Gabriel Sterling: aux Etats-Unis, "il faut deux partis rationnels forts, qui croient à la vérité"
Présent à Genève dans le cadre de la semaine de la démocratie, Gabriel Sterling explique dans le 19h30 qu'il garde confiance dans la démocratie américaine. "J'ai beaucoup de foi dans la résilience du système", assène-t-il d'emblée.
Le 7 novembre 2020, lors des élections américaines, Gabriel Sterling a toutefois subi une pression difficilement soutenable. Alors que Joe Biden célèbre sa victoire, Donald Trump et ses partisans contestent les résultats dans les Etats où l'écart entre les deux candidats est restreint. La Géorgie en fait partie, mais Gabriel Sterling tient tête au président républicain et confirme sa défaite. Lui et ses collègues recevront par la suite des menaces de mort.
J'ai foi en la résilience du système démocratique américain
"J'ai été très en colère quand des gens ont été menacés, et c'est la raison pour laquelle je suis ici, explique Gabriel Sterling. Mais le système a continué, car les gens ont fait ce qu'il fallait faire." Il insiste sur la responsabilité qui incombe aux postes comme le sien. "Les systèmes que vous construisez sont aussi bons que les gens qui les dirigent. Aux Etats-Unis, on a des dizaines de milliers de personnes qui travaillent aux élections. Il y a des gens qui tiennent des rôles clés, et ils ont suivi l'Etat de droit."
Le tournant du 6 janvier 2021
Même si rien ne garantit que ces quelques personnes auront la même intégrité lors des prochaines élections, Gabriel Sterling ne s'en inquiète pas outre mesure. "En tant que républicain et conservateur, je pense que ces règles sont importantes. In fine, les électeurs américains pensent la même chose."
Gabriel Sterling revient également sur l'attaque du Capitole le 6 janvier 2021. Il estime que Donald Trump a perdu une partie de ses partisans ce jour-là. "En faisant cela, en dépassant les limites, il a montré aux Américains qui se posaient des questions que ça allait trop loin. Au final, on remarquera que la plupart des Américains ne permettront pas à ce genre de choses d'arriver. Les tribunaux ont fonctionné correctement, ils ont repoussé beaucoup de ces fausses informations."

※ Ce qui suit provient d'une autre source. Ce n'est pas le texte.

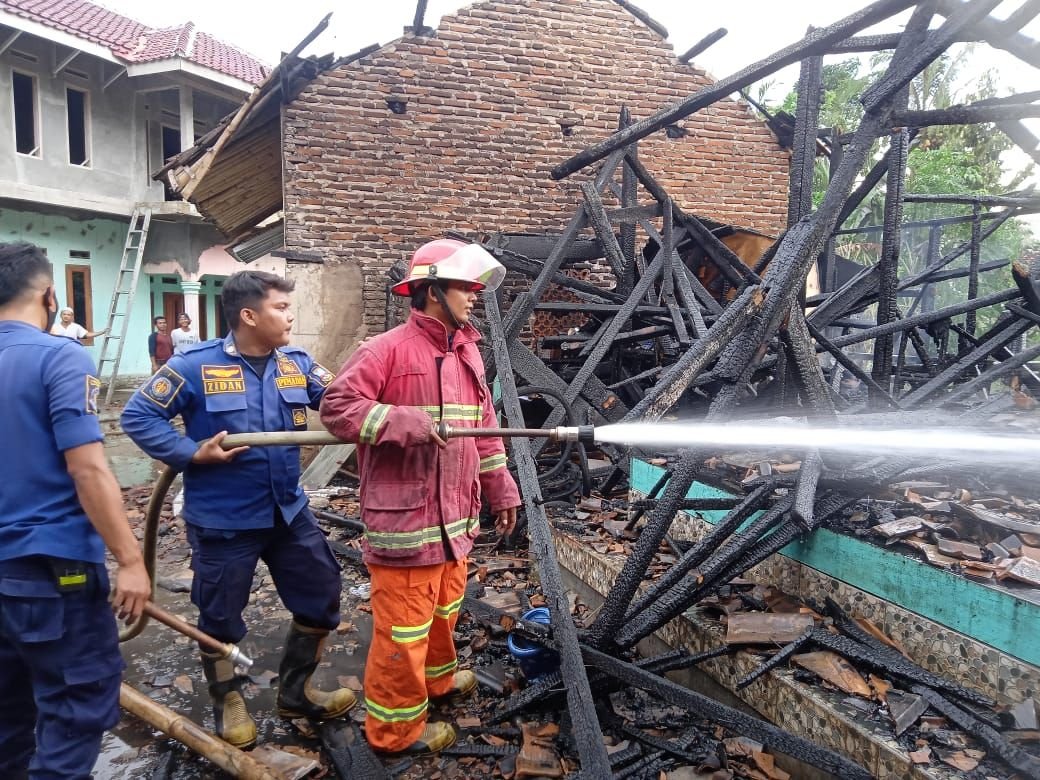 Pesantren Hidayatul Mubtadi'in di Kabupaten Serang Ludes Terbakar, Berikut Penyebabnya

En 2020, le système a tenu malgré la pression. Et je n'imagine pas une plus grande pression que celle qu'a exercée Donald Trump
Selon le fonctionnaire, les élections de 2020 ont permis de montrer que les institutions américaines pouvaient encaisser des crises. "En 2020, le système a tenu malgré la pression. Et je n'imagine pas une plus grande pression que celle qu'a exercée Donald Trump".
Vers une guerre civile?
Les Etats-Unis sont néanmoins divisés comme rarement au cours de leur histoire. L'historien Robert Kagan prédit dans le Washington Post que le pays va se diriger vers une crise du niveau de la guerre de Sécession et parle d'une possible guerre civile. Dans certains Etats républicains, les élus sont en train de changer les règles pour que ce soit le parlement qui avalise le résultat final des élections. Ainsi, le parlement d'un Etat à majorité républicaine pourrait ne pas reconnaître la victoire d'un candidat démocrate.
Si on n'a pas confiance dans les institutions et les personnes qui les représentent, le système échouera
Là encore, Gabriel Sterling préfère nuancer les risques. "Les Etats républicains ne vont pas voir les démocrates gagner, donc ça ne m'inquiète pas. Un Etat comme la Géorgie, plus disputé, (...) ça dépendra de Donald Trump, qui a aliéné une partie de son électorat pour séduire une autre base électorale moins fiable. Mais j'ai confiance que les électeurs, les tribunaux et les personnes qui sont au pouvoir fassent les bonnes choses. Si on n'a pas confiance dans les institutions et les personnes qui les représentent, à ce moment-là, le système échouera et c'est un danger."
Le besoin d'un dialogue raisonnable et mesuré
Finalement, Gabriel Sterling appelle à un dialogue plus raisonnable et mesuré entre les deux camps. "Il y a beaucoup d'hyperboles de part et d'autre de l'échiquier politique. Tant les démocrates que Donald Trump monétisent ces hyperboles. Aux Etats-Unis, comme dans beaucoup de démocraties occidentales, plus vous utilisez ces hyperboles, plus vous attirez l'attention des médias, et plus vous pouvez monétiser cela. En tant qu'électeur, en tant que média, nous devons oeuvrer pour corriger le tir."
Et de conclure: "Si votre candidat perd, ce n'est pas la fin du monde. Il faut arriver à un meilleur discours, je suis là pour ça. (...) Il faut un équilibre, il faut deux partis rationnels forts, qui croient à la vérité."